(Short web captions)
-*-*-

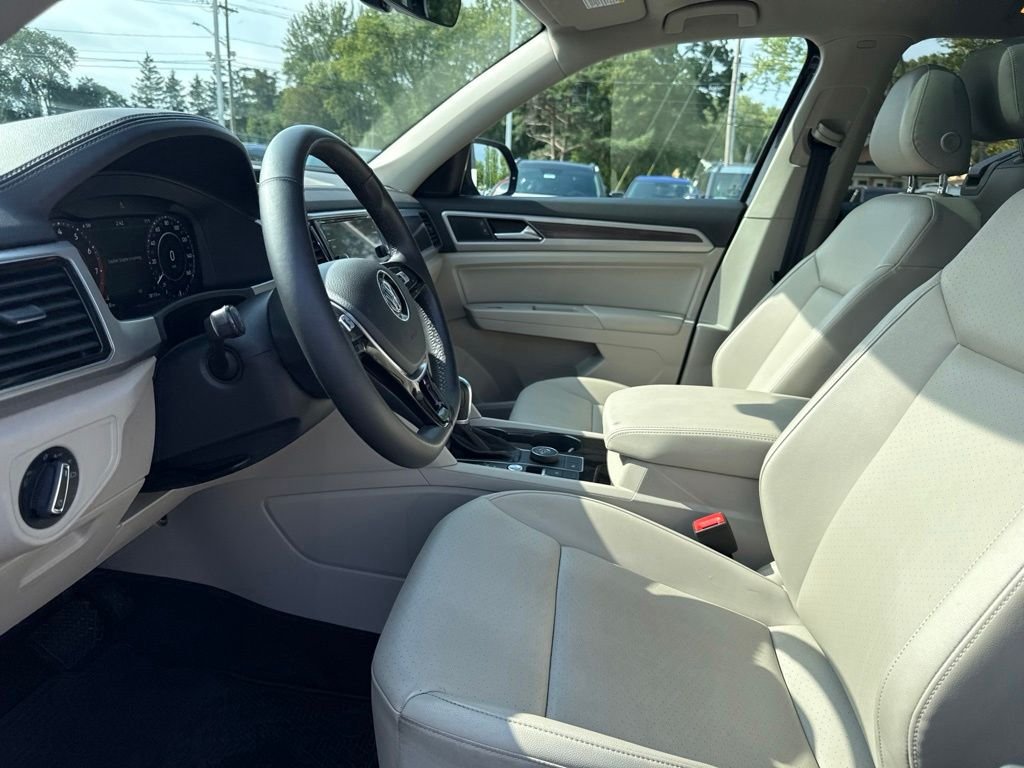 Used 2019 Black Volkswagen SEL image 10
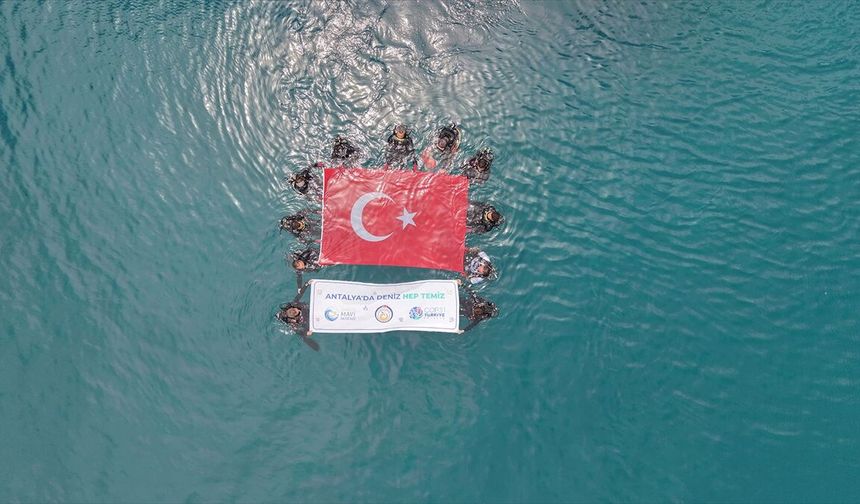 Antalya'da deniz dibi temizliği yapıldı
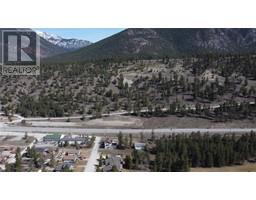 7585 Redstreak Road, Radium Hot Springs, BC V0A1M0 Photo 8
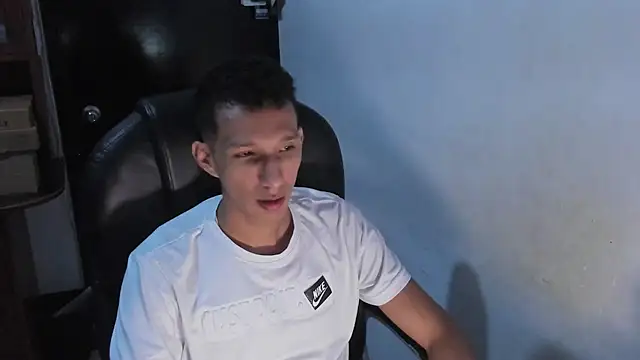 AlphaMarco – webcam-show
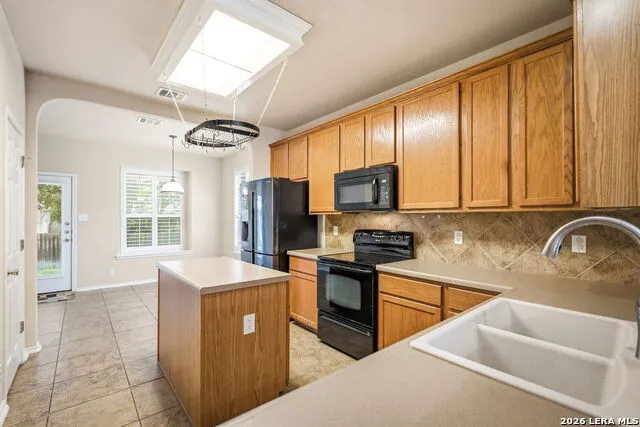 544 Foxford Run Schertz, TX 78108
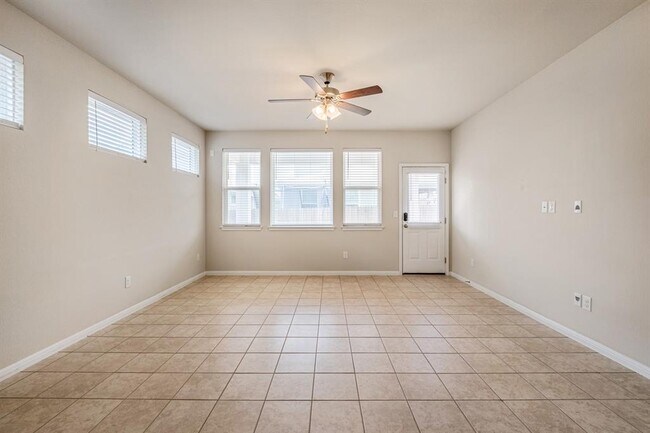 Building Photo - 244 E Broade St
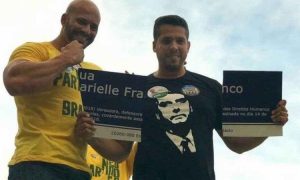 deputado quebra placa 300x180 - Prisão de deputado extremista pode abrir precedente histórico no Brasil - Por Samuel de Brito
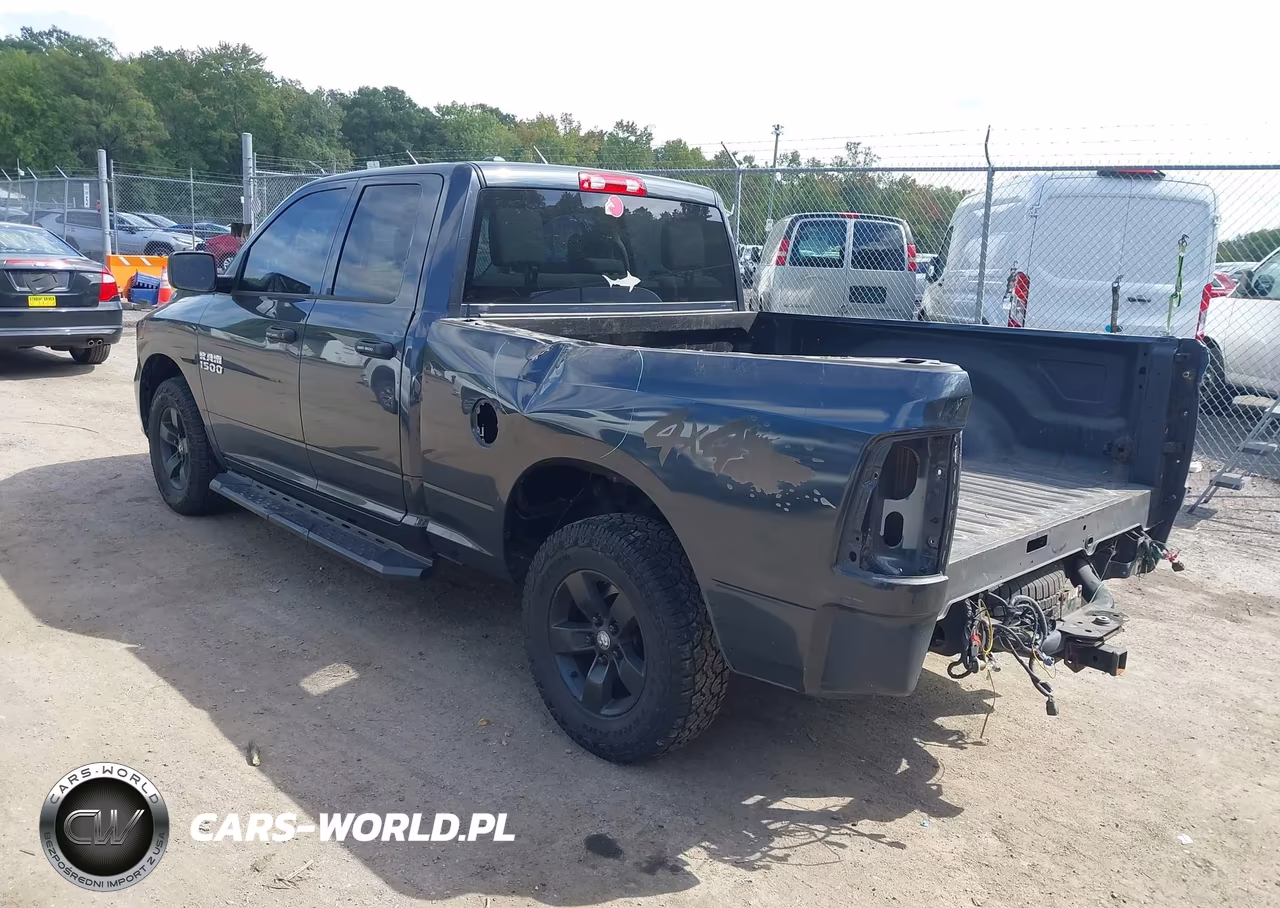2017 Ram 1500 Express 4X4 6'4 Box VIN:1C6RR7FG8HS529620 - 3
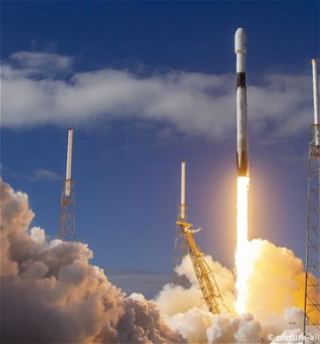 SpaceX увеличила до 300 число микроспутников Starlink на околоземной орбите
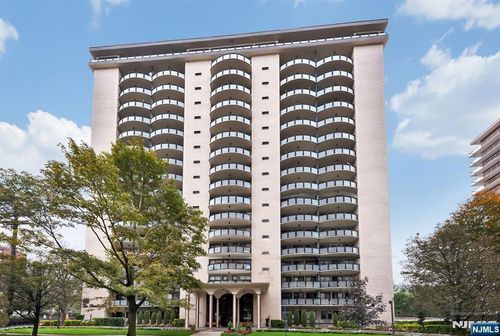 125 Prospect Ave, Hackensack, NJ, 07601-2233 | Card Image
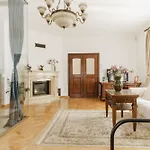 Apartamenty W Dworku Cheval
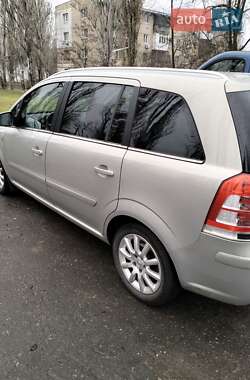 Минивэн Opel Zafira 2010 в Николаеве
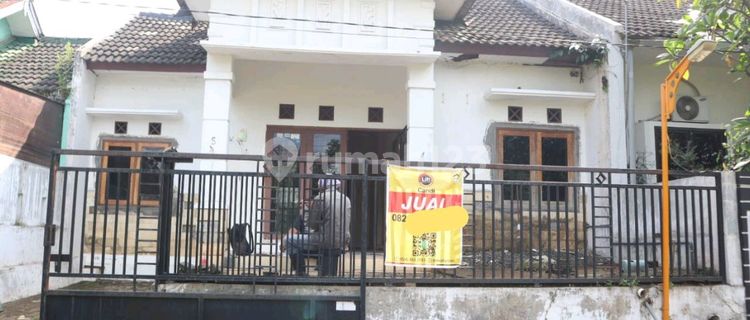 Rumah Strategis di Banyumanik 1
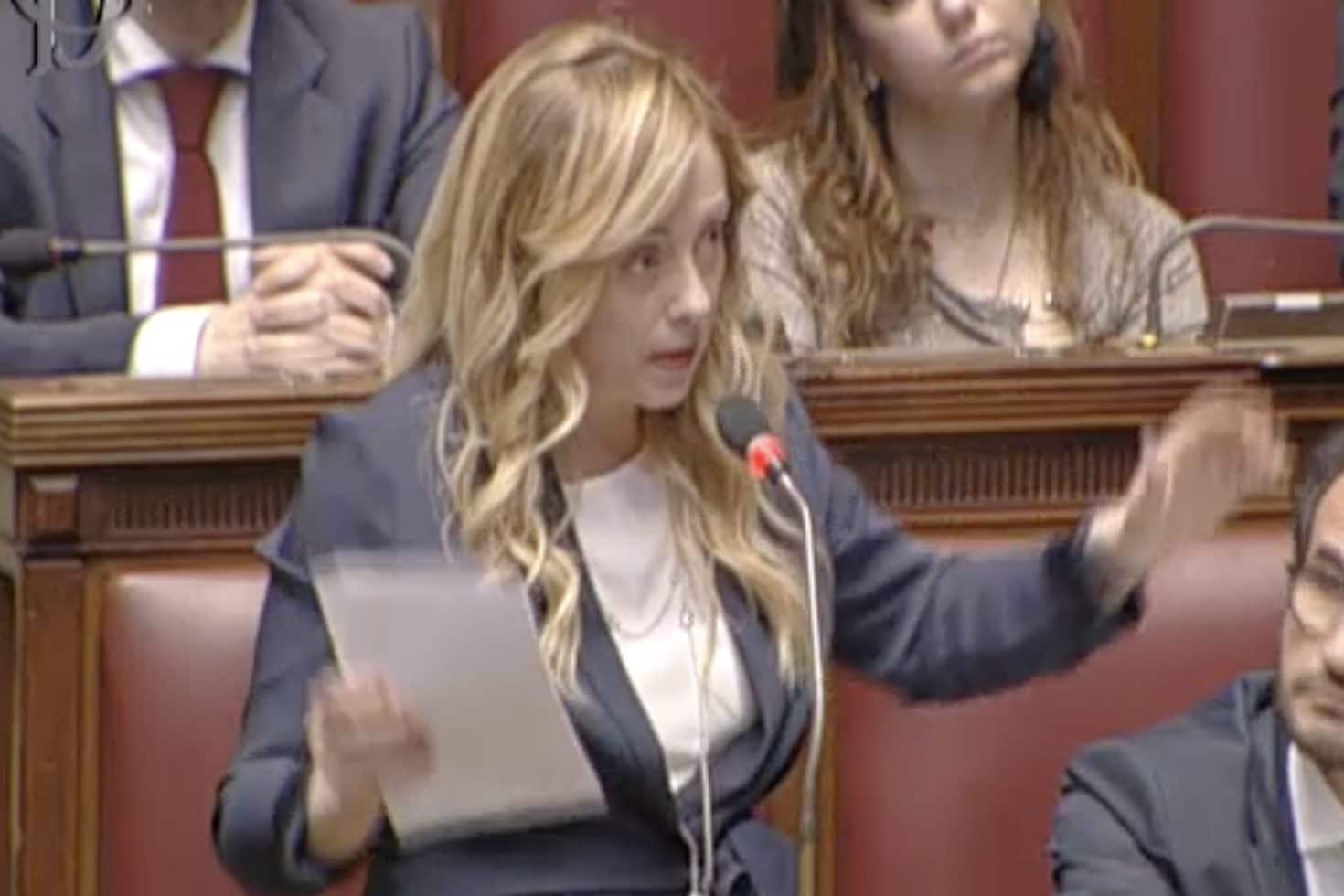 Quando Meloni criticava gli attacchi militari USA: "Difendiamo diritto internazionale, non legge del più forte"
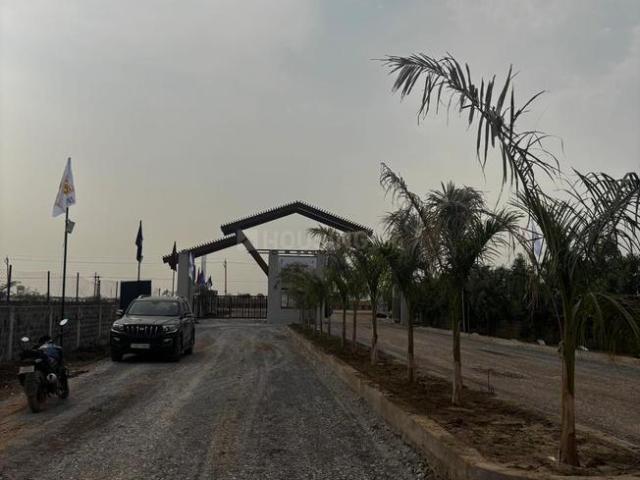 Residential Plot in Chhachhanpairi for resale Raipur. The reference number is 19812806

-*-*-

Exercise prompt
Could you transcribe exactly the entries above, but only the lines from the one with "2017 Ram 1500" through the one with "Quando Meloni criticava", and without pictures?

Solution below
2017 Ram 1500 Express 4X4 6'4 Box VIN:1C6RR7FG8HS529620 - 3
 SpaceX увеличила до 300 число микроспутников Starlink на околоземной орбите
 125 Prospect Ave, Hackensack, NJ, 07601-2233 | Card Image
 Apartamenty W Dworku Cheval
 Минивэн Opel Zafira 2010 в Николаеве
 Rumah Strategis di Banyumanik 1
 Quando Meloni criticava gli attacchi militari USA: "Difendiamo diritto internazionale, non legge del più forte"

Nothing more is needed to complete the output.